L'espéranto n'est pas plus né du néant que, par exemple, le créole haïtien. Une langue apparaît quand elle répond à un besoin. Dans les Antilles, c'est parce qu'ils voulaient communiquer entre eux que des esclaves d'origine africaine parlant des idiomes mutuellement incompréhensibles se sont dotés d'une langue composite en grande partie basée sur le langage de leurs propriétaires blancs. De même, il y avait dans le monde, dans les années 1880-1910, une fraction de la population assoiffée de contacts extérieurs et désireuse d'élargir ses horizons culturels, mais n'ayant pas la possibilité d'apprendre les langues. Ces personnes se sont emparées du projet de Zamenhof et, en l'utilisant, en ont fait une langue vivante. Si les modalités sont différentes au départ, le créole et l'espéranto sont nés, non du néant, mais d'une même force socio-psychologique : la pulsion au dialogue dans un contexte comportant des contraintes déterminées.

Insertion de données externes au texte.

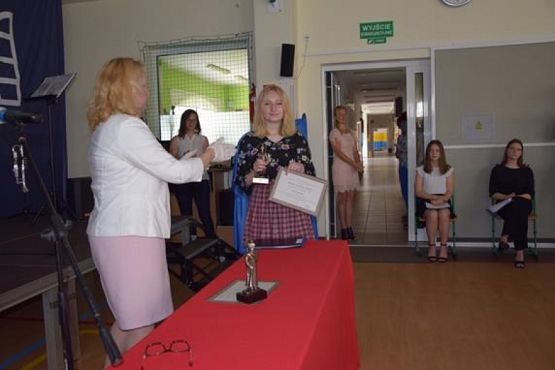  Grafika #57: Zakończenie roku szkolnego 2019/2020 oraz pożegnanie absolwentów grafika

Considérons maintenant le texte suivant:
"Allez prendre un oiseau, un cygne de notre lac par exemple, déplumez-le complètement, arrachez-lui les yeux, substituez à son bec plat celui du vautour ou de l'aigle, greffez sur les moignons de ses pattes les échasses d'une cigogne, mettez dans ses orbites la prunelle du hibou (...); ensuite, inscrivez sur vos bannières, répandez et criez ces mots: "Ceci est l'oiseau universel", et vous vous ferez une petite idée de la sensation de glacement qu'a produit sur nous cette terrifiante boucherie, cette vivisection nauséabonde, qu'on n'a cessé de nous prôner sous le nom d'espéranto ou langue universelle." (Cîngria, pp. 1-2).
Ce passage, qui trahit également le mécanisme "projection", projection d'un noyau fantasmatique sur un moyen de communication linguistique qui n'en demande pas tant, témoigne d'une intense réaction affective ("terrifiante boucherie", "vivisection nauséabonde"). Mais si l'on en élimine le côté imagé, il reste deux critiques : l'espéranto résulte d'une intervention de l'homme sur le vivant; c'est une langue hétérogène.
La conclusion ne serait acceptable qu'à trois conditions: qu'une langue soit un être vivant au même titre qu'un animal; que l'intervention de l'homme sur le vivant soit automatiquement néfaste; qu'une langue hétérogène ne puisse servir à la communication.
Hypnotisé par sa vision cauchemardesque, l'auteur isole l'image de toutes ces considérations. Il ne voit donc pas que l'assimilation de la langue au vivant est une métaphore qu'il est injustifié de pousser trop loin. L'oiseau en question souffrirait atrocement.
Lorsque l'orthographe néerlandaise a été réformée dans les années 40, la langue n'a pas poussé de cri et aucune anesthésie n'a été nécessaire.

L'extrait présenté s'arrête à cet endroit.